:: Recorded data ::
++++
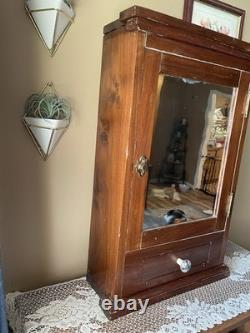 Antique Mirrored Apothecary Cabinet Wavy Glass Door + Drawer c. 1900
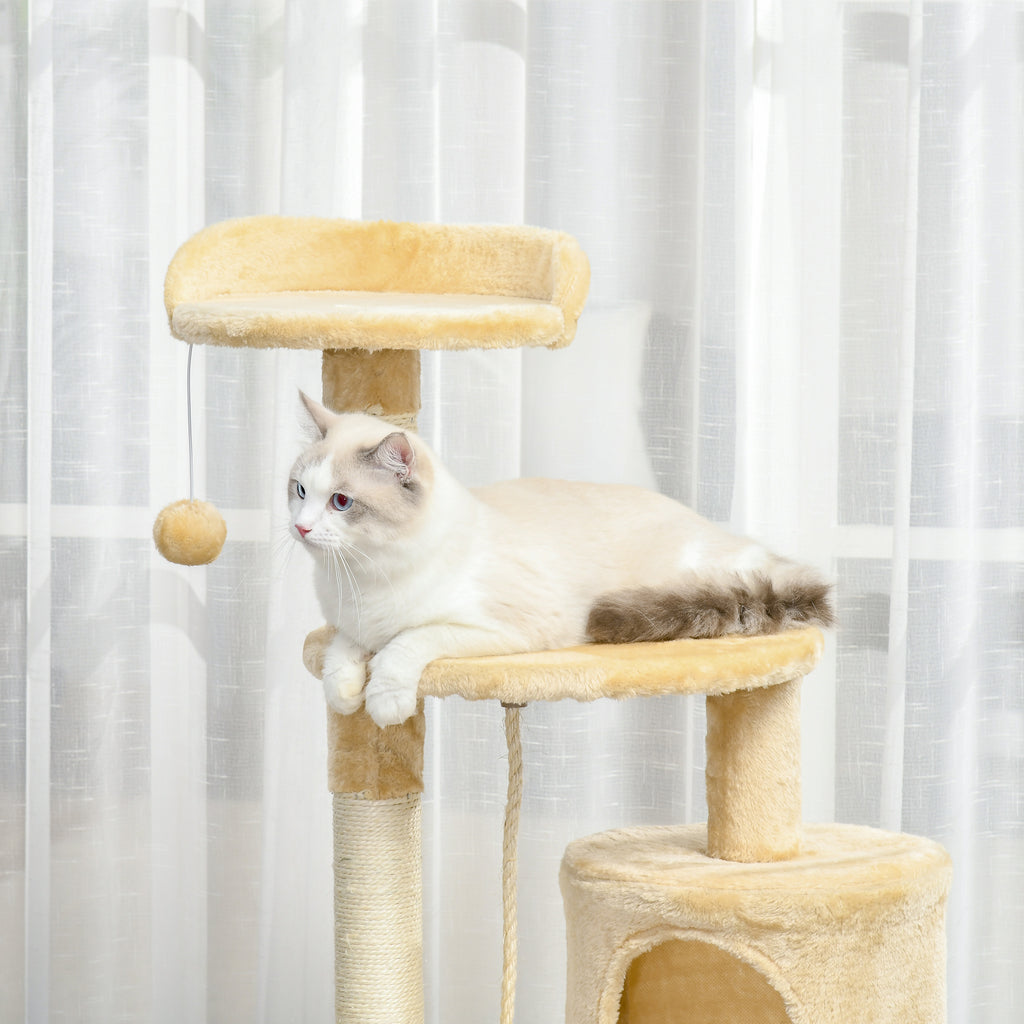 Árbol rascador para gatos con plataformas y caseta, foto 2 de 9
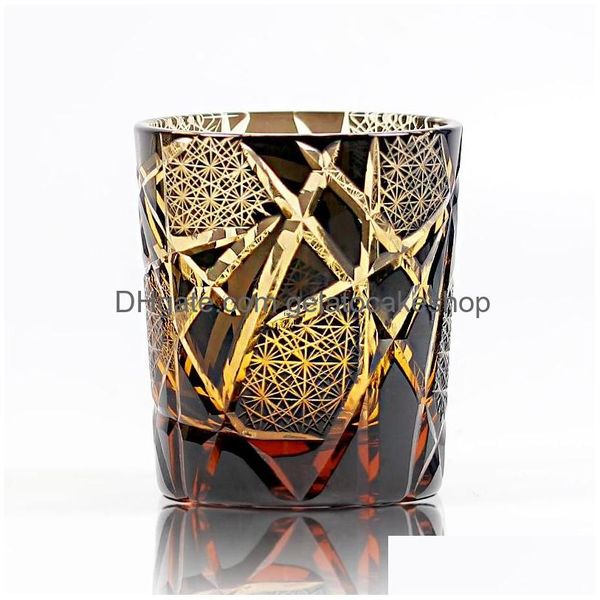 Weingläser Amber Black Lightning Edo Kiriko Whiskyglas Kristall Japanische königliche Tassen mit Gravur Xo Brandy Tumbler Cognac Snifter Dr Dhkl5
++++
:: To do ::
Your answer must reproduce exactly the lines from the line with "Árbol rascador para" through the end of the material, both ends included, with every picture dropped.

:: Response to the exercise ::
 Árbol rascador para gatos con plataformas y caseta, foto 2 de 9
 Weingläser Amber Black Lightning Edo Kiriko Whiskyglas Kristall Japanische königliche Tassen mit Gravur Xo Brandy Tumbler Cognac Snifter Dr Dhkl5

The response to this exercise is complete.